Adding interactive tooltips to SVG files

A handy hack to add some web interactivity to your SVG visualizations.

By Carlos A. Toruño P.

July 22, 2024

Creating data visualizations can be quite the challenge. You need to understand your data, get creative with the design (and maybe even some story-telling), have the technical skills to bring it all together, and adapt it to your audience. In one of my first blog posts, I shared my process for making data visualizations, including some thoughts on the use of static vs interactive charts. The thing is, creating data visualizations is more than just displaying numbers or text, you need to think on ways to allow your audience to engage with your data. Today, I want to share a little hack I came up with in order to blend static and interactive charts into a single outcome. Why would I ever want todo this? Well, interactive dashboards require of a server back-end that will do some computation after receiving inputs from the user. Sometimes, you do not need such capacity, instead, very simple and basic animations would be more than enough to facilitate a better understanding of the data. I’m calling this “Project Tooltips.” Stick around, and I’ll show you what it’s all about! I promise no popcorn, but at least (!!! spoiler alert!!!) you will learn how to add interactive tooltips to static charts without needing that C++, Java, or Python server behind the courtains.

The problem at hand

So, back in my office, we have been producing these graphic reports that consist on very simple documents that heavily rely on the use of data visualizations to deliver messages from the data that we collect in our public opinion polls. Take this report on the Rule of Law in Peru 2022 as an example. After a brief section on the Executive Findings, we go heavy metal mode shooting chart after chart to the reader. One of the bright innovations that we have been applying to the latest reports is on switching the primary outcome from printed PDFs to scroll-down-until-you-get-bored web versions. Personally, I love the idea. Nowadays, we produce a web and printed version of the report using HyperText Markup Language (HTML) and Cascading Style Sheets (CSS).

So far, in order to have harmony between the printed and web version of the report, we have opted for producing purely static visualizations. At the end of the day, when you are looking at a single country over time or comparing the latest data between a limited set of countries, the need for interactivity is a nice-to-have more than a need. Since the beginning, we have been producing our data visualizations as Scalable Vector Graphics (SVG) rather than using raster-based formats such as the popular PNGs or JPGs. Why? Vector-based formats are more suitable for editing and they are also more suitable for the web. I won’t go into detail about the difference between vector and raster formats (my GIS professor from grad school would be disappointed), but I would suggest you to watch the video bellow if you are insterested. Trust me, the use of SVGs is key for what we are trying to achieve.

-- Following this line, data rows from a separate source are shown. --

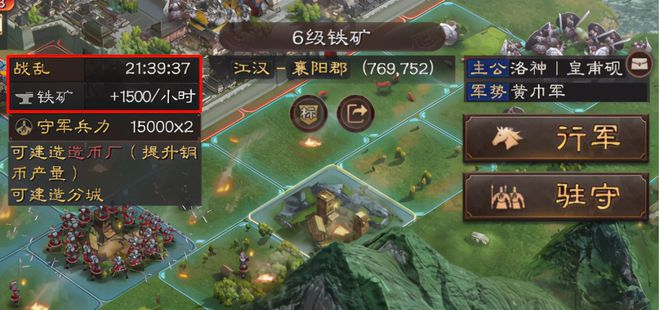 三国志战略版为什么不能拆高建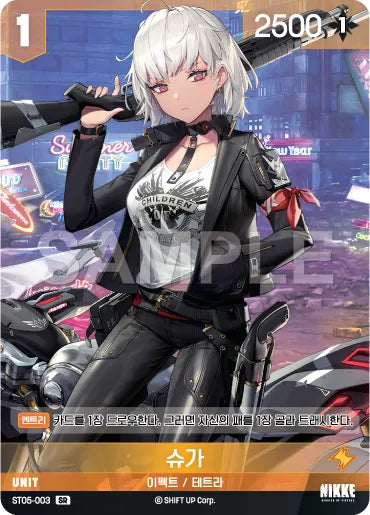 Nivel Arena Goddess of Victory ST05-003 SR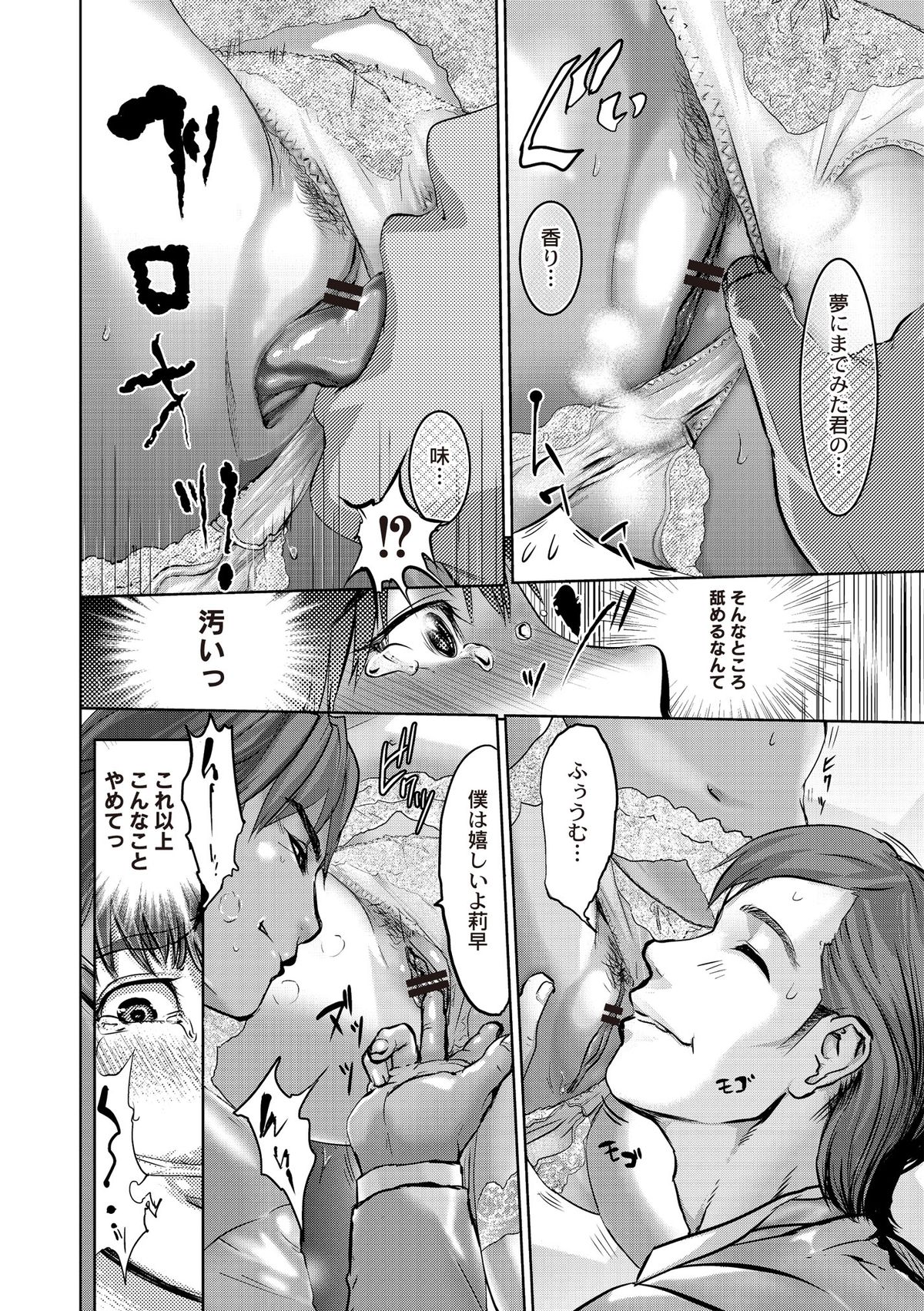 Ingoku Kyakusen ~Ikenie no Onnatachi~ page 64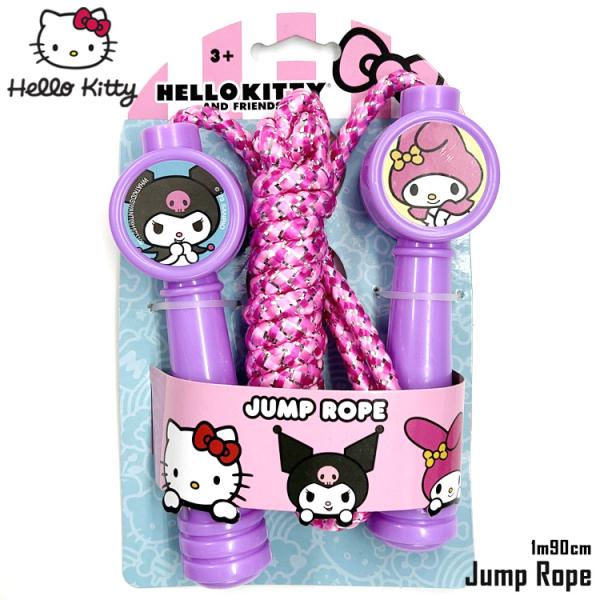 ハローキティ サンリオ マイメロディ クロミ 縄跳び ジャンプロープ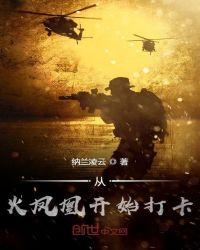 从火凤凰开始的特种兵顶点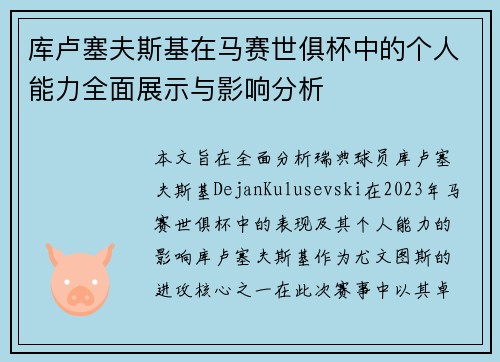 库卢塞夫斯基在马赛世俱杯中的个人能力全面展示与影响分析 库卢塞夫斯基在马赛世俱杯中的个人能力全面展示与影响分析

Now, if you have been following my blog for the past months, you will know that we are working with data for the European Union. That’s 27 countries, first strike. To add a little bit more of spice, we have some subnational data that spawns over 100 regions. At this point, interactivity becomes a must rather than a nice-to-have. Take the following (fictional data) on the percentage of people in the EU that believes in Narnia:

In the chart above, each circle represents a region from each country. The chart looks great, simple, and aesthetic. What’s the problem? There was no way for you to know what each circle meant without me explaining it. More importantly, even if I placed a text explaining that in the chart, you have no idea to know what is the exact percentage for what specific region. We could come up with some static solution as adding some text boxes. However, adding over 100 text boxes might be challenging and it will extremely reduce the aesthetic of the chart. I consider myself a minimalist after all. But just for the sake of chaos, here you have a visual of how 100 text boxes would look like:

Beautiful chaos.

Now, we could insert an interactive chart from Tableu, some R Shiny, or a Python Plotly as HTML widgets into our report. But these solutions require a lot of work. Obviously, once that they are implemented, they bring even more features to the table. However, if you think about it, we just need the text boxes to show up only when their respective data point is hoovered by the reader. That very basic feature would solved the whole puzzle. Now, Carlos, how can we do this?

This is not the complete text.